Under the current administration, the government succeeds at almost nothing it sets out to do. It spends money like a drunken 1970s Democrat, embraces global imperialism and foreign wars with the misplaced enthusiasm of a William Randolph Hearst, prostitutes itself to donors and lobbyists with the promiscuity of Ulysses Grant, and does less for the average American than Cal Coolidge....

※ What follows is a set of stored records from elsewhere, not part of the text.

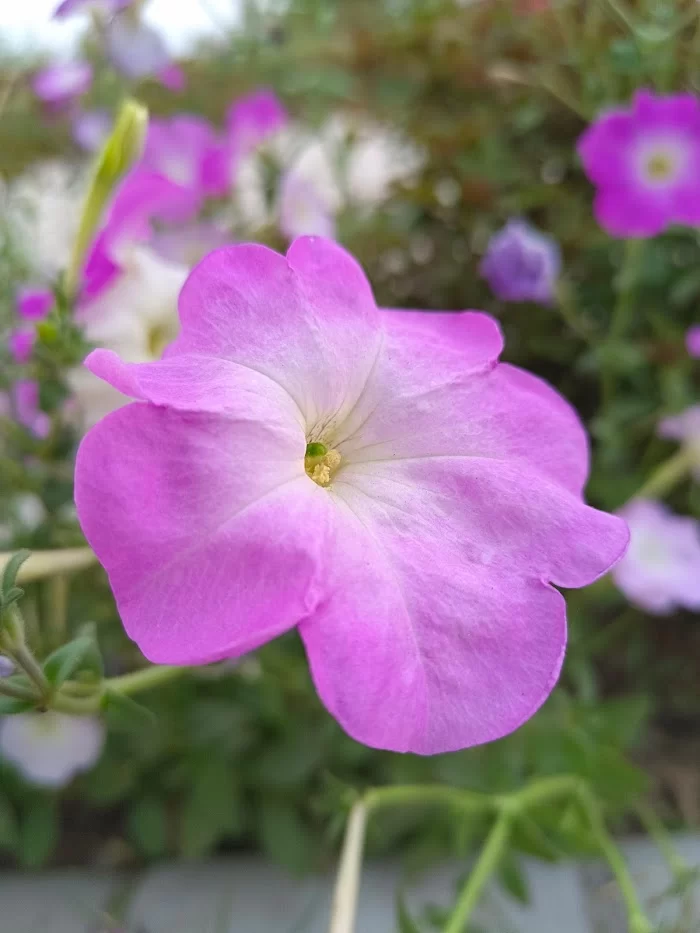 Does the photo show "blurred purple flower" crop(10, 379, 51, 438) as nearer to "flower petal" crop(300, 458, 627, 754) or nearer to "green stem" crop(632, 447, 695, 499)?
"flower petal" crop(300, 458, 627, 754)

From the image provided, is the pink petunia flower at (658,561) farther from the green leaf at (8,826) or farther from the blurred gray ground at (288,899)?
the green leaf at (8,826)

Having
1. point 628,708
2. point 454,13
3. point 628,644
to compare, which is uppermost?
point 454,13

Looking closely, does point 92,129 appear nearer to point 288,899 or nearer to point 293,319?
point 293,319

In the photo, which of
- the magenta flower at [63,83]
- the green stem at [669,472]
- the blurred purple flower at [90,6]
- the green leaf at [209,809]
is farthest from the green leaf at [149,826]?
the magenta flower at [63,83]

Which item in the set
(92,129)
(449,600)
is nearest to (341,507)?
(449,600)

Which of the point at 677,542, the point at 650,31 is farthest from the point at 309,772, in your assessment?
the point at 650,31

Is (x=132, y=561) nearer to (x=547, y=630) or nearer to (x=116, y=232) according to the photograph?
(x=547, y=630)

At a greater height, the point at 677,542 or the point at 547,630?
the point at 547,630

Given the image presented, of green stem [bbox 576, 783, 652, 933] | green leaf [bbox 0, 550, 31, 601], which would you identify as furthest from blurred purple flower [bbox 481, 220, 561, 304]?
green leaf [bbox 0, 550, 31, 601] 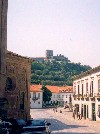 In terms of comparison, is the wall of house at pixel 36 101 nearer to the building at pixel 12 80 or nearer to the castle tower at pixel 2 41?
the building at pixel 12 80

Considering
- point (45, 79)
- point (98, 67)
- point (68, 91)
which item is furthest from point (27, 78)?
point (45, 79)

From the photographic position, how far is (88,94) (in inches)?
1745

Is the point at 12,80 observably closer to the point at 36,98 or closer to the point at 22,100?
the point at 22,100

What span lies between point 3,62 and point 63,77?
13975 cm

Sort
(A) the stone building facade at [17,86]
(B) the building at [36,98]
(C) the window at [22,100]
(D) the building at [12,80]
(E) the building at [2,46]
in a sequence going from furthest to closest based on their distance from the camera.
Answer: (B) the building at [36,98]
(C) the window at [22,100]
(A) the stone building facade at [17,86]
(D) the building at [12,80]
(E) the building at [2,46]

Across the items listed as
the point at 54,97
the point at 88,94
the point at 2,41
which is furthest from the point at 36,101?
the point at 2,41

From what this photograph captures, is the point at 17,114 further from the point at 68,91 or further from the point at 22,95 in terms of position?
the point at 68,91

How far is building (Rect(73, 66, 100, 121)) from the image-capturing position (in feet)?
132

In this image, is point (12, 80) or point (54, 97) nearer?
point (12, 80)

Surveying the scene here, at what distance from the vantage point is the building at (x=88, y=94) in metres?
40.2

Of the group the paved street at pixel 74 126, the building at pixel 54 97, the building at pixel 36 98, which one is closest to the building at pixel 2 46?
the paved street at pixel 74 126

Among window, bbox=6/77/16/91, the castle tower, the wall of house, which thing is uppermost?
the castle tower

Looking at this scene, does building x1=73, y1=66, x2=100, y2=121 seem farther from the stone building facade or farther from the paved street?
the stone building facade

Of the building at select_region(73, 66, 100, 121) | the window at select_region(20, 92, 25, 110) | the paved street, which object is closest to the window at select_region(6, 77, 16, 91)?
the window at select_region(20, 92, 25, 110) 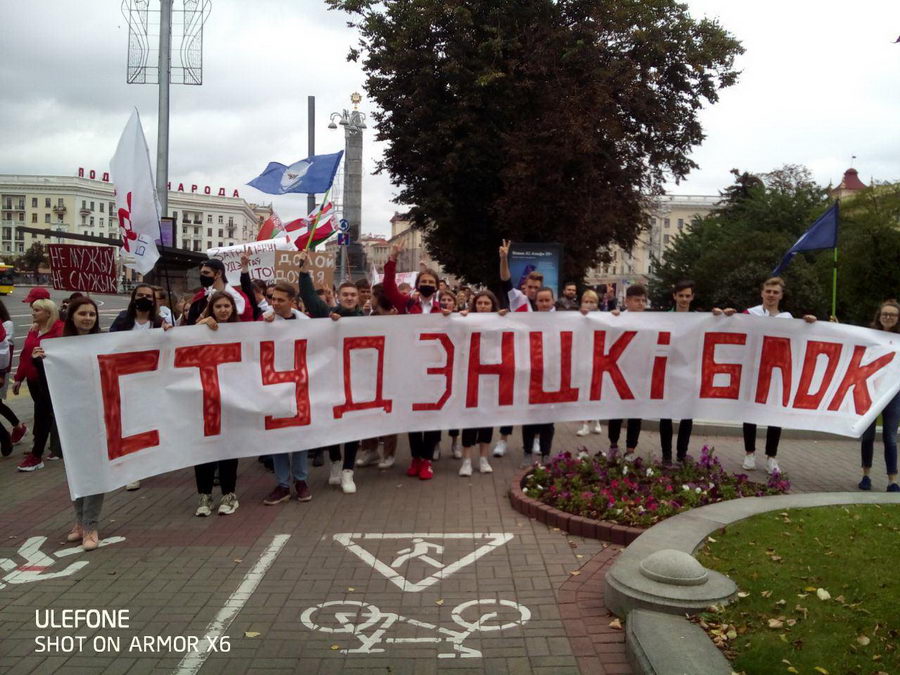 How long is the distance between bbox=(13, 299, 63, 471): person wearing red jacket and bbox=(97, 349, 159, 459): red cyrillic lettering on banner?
260 centimetres

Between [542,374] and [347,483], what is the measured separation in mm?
2207

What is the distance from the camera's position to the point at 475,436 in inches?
→ 328

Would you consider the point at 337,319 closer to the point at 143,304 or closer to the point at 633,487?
the point at 143,304

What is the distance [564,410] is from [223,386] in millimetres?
3358

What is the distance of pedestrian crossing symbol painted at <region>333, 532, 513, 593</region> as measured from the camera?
537 cm

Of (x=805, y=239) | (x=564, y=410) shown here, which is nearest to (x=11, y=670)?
(x=564, y=410)

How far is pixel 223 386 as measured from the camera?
266 inches

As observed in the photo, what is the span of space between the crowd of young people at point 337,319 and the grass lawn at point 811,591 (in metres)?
2.22

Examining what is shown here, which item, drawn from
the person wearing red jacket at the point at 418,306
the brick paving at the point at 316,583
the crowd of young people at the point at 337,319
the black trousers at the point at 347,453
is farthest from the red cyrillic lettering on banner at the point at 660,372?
the black trousers at the point at 347,453

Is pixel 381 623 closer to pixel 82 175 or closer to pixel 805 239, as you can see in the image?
pixel 805 239

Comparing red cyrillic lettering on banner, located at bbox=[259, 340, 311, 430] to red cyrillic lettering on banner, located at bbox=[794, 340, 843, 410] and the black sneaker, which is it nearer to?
the black sneaker

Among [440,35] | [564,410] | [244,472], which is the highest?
[440,35]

While [the Bush administration] has abandoned traditional conservative values by expanding federal spending and involvement in state affairs, and by embracing the neoconservative passion for nation-building and military imperialism, many of its key players still subscribe (inconsistently) to the ultraconservative tenet that Government does almost nothing well. As Ronald Reagan famously said in his first inaugural address, they believe "government is not the solution to our problem; government IS the problem." Rather than empowering the government to succeed, as traditional liberals would, or reining in "the big bad Government", as traditional conservatives would, this administration is creating a government that is both big AND bad. We should not be surprised that such people, who fundamentally believe government is inept, will fall victim to "the soft bigotry of low expectations." They expect government to fail, and so it does.



From bsoo666:


Carter bashes, extensively, the neoconservative foreign policy agenda; anybody who knows me knows my views here. There is one thing I do agree with Carter on and that is torture; I am a strict conservative on torture and affirm the need for Senator McCain’s Amendment against U.S. torture.


From The Object of Power:


I am a liberal Democrat...well, I should qualify that statement a bit I suppose. I consider myself a liberal, though many, if not most, self-described "liberals" and people on the hard Left would probably call me a "centrist," a "moderate," or most complimentary--a "neoconservative corrupt pawn of the zionist pigs." Sigh...

Liberalism, in my view, is amorphous to an extent. This is due to its roots...the promotion of open minds, free speech, lively dialogue, and compromise. Because it has flexibity as its base, common perceptions of liberalism (amongst liberals and conservatives) tend to change over time....

True liberals acknowledge the nuances in every issue, and in the strategies employed to bring particular aspects of these issues to light. Change over time...the strategies that worked to solve societies most pressing concerns fifty years ago will not necessarily work today....

I began my political awareness as a young Catholic boy in Maine, wanting Bush to win in 1988 because--due to the proximity of Biddeford, Maine to Kennebunkport--I thought he was a local guy. Boy was I wrong....Being a freshman in Washington, DC for two weeks when 9/11 occured, I reacted differently than most people did in the weeks after 9/11...I first got angry at the terrorists, then I got angry at the United States, then I became an avowed pacifist. I protested invading Afghanistan. I repeat, I protested invading Afghanistan. Most lefties offered tepid support for that invasion; I loudly shouted that it was a racist war, that two wrongs do not make a right, and that--while we were at it--we should end all of our support for Israel.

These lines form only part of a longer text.